Я вчитывался в строчки и хмурился. Нет. Действительно ничего. Никаких девочек. Вообще на удивление мало женских имен: матери убитых мальчишек, следак из ментовки, судья.
— Энджи, расширенный поиск по фамилиям в списке. Поищи дочерей, сейчас возраст должен быть двадцать семь лет.
— Да, князь Игорь.
— Сколько времени займет поиск? — спросил, бросая взгляд на трекер.
— До получаса.
— Сообщи, когда закончишь, — попросил я. — И поищи упоминания детских игрушек в статьях по Сухорукову.
— Да, князь Игорь, — ответила ИИ, а я поднялся на ноги.
Хотелось проветриться и продышаться. Просто пройтись по территории. Возможно, додумаюсь еще до чего-то.
Я засунул «Зину» под одну из диванных подушек, убрал мобильник в карман и вышел из домика. Бот-сопровождающий тут же поднялся в воздух, зависая рядом.
Докручивать то, что планировал, видимо, буду в ночи.
Глава 11
Станислава Воронова
Воронова, ты жжешь.
Ты бы еще к Ястребу на колени забралась в машине, под свитер его одуряюще пахнущий руки запустила или пальцы в волосы.
Совсем берегов не видишь.
Я криво усмехнулась, прижалась лбом к прохладному зеркалу в ванной. Вопреки здравому смыслу, да вопреки вообще любому смыслу, от картинки, возникшей в голове, по телу прошла дрожь. Предвкушения, желания, пронесся по венам адреналин. Наверняка подскочил пульс.
— Княгиня Станислава… — начала Энджи.
— Со мной все хорошо, Энджи, — отмахнулась от помощницы, не давая развить тему. Без нее все понятно.
Подняла голову, всмотрелась в собственные глаза.
Снова ругнулась.
Потому что выглядела я… примерно так же, как и себя ощущала — голодной и возбужденной. Да я так в свои восемнадцать не выглядела, когда гормоны бесились.
Я показала отражению, а заодно и собственным фантазиям средний палец и пошла собираться, потому что дальнейшая рефлексия явно грозила опозданием.
Борисыч собирал лидов у себя на обед, и бот-сопровождающий начал нетерпеливо мигать напоминанием еще пятнадцать минут назад. А я смотрела на него безразлично и никак не могла прийти в себя. Очухаться, запах этот, тягучий, острый из башки выкинуть, тело сильное.
Да твою же ж!
Я зло дернула головой, влезла в футболку и джинсы, натянула бини и очки, спрятав за ними все еще шальные глаза, и выскочила из домика, подхватив на всякий случай кардиган, со спрятанной в кармане «Зиной».

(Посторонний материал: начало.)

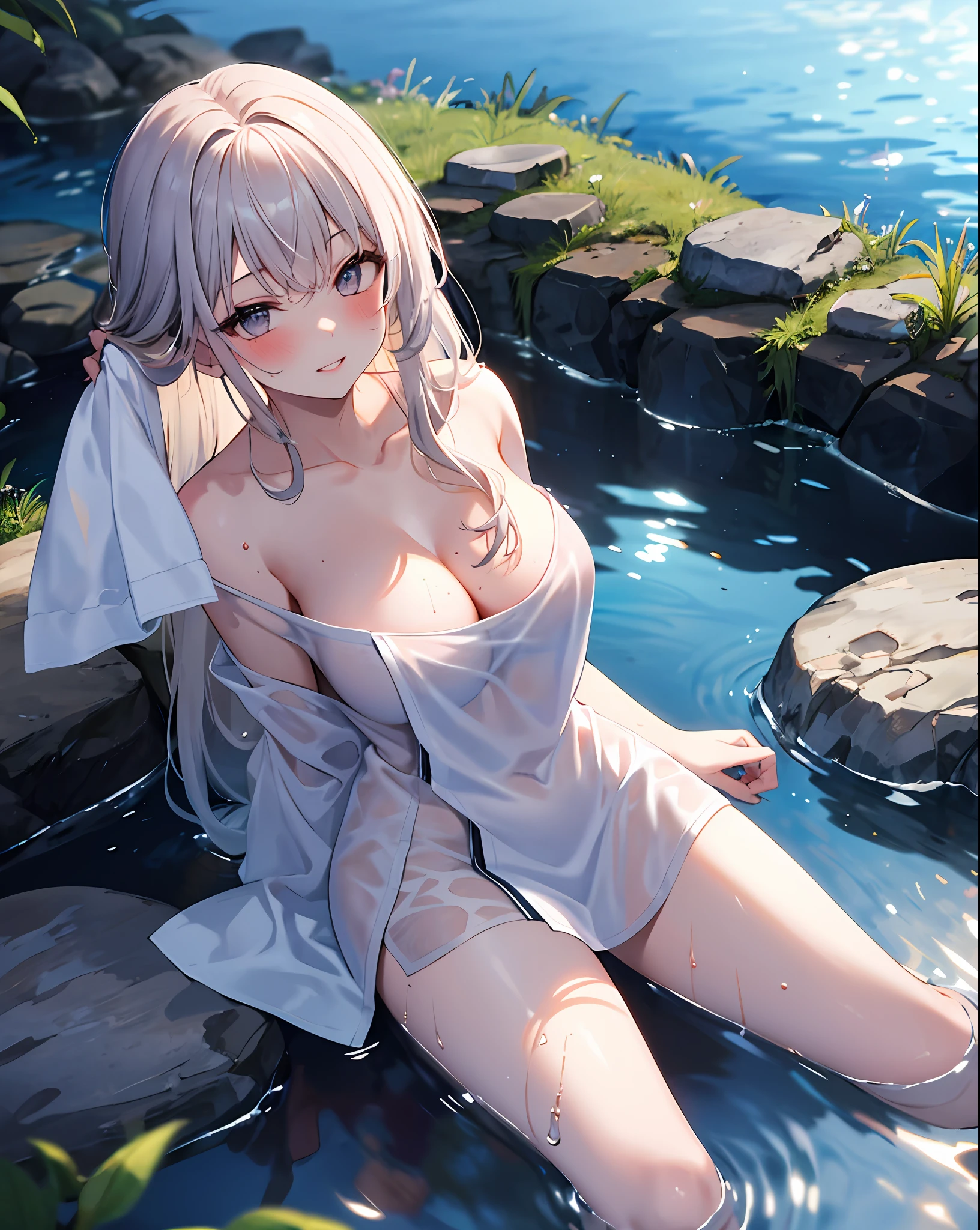 voroshilov, naked towel, 1girl, breasts, towel, large breasts, looking at viewer, solo, onsen, cleavage, wet, sitting, water, blush, parted lips, smile, collarbone, thighs, sunlight, bathing, outdoors, rock, partially submerged,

Бот вильнул влево и вниз. Вел меня вдоль берега озера по деревянным мосткам и продолжал раздражающе мигать красными «глазами». От воды тянуло прохладой, с правой стороны в шахматном порядке были разбросаны домики. На достаточном расстоянии друг от друга, чтобы создавать видимость уединения.
На самом деле, бот мог и не утруждаться, я бывала в Лейк раньше, достаточно неплохо его знала. В конце концов, мы работали над начинкой для них почти полтора года: кодили, ставили, тестировали в лаборатории и полях. Да и Борисыч любил это место, неудивительно, что выбрал именно его для нашего сборища.
Я обошла большой одноэтажный дом, махнула рукой пестрой компании и с трудом сдержала издевательский смешок.
Ну конечно, кто бы сомневался.
Мое опоздание привело к тому, что места за длинным деревянным столом были заняты, само собой, последнее свободное осталось рядом с Игорем. Я даже тормознула на миг.
Не видела его таким…
Толстовка, кроссовки, джинсы. Отравляющая ртуть взгляда. Очень-очень пристального.
— Всем привет, кого не видела, — улыбнулась я, садясь и снимая очки, надеясь, что глаза перестали быть шальными. — Прошу прощения за опоздание.
Народ вяло покивал, кто-то поздоровался, Знаменский отсалютовал мне стаканом с… чем-то.
А я делала вид, что упорно не замечаю все еще задумчивого и какого-то тревожащего взгляда Ястребова, сворачивала кардиган и преувеличенно заинтересованно разглядывала заставленный стол. Кейтеринг превзошел себя.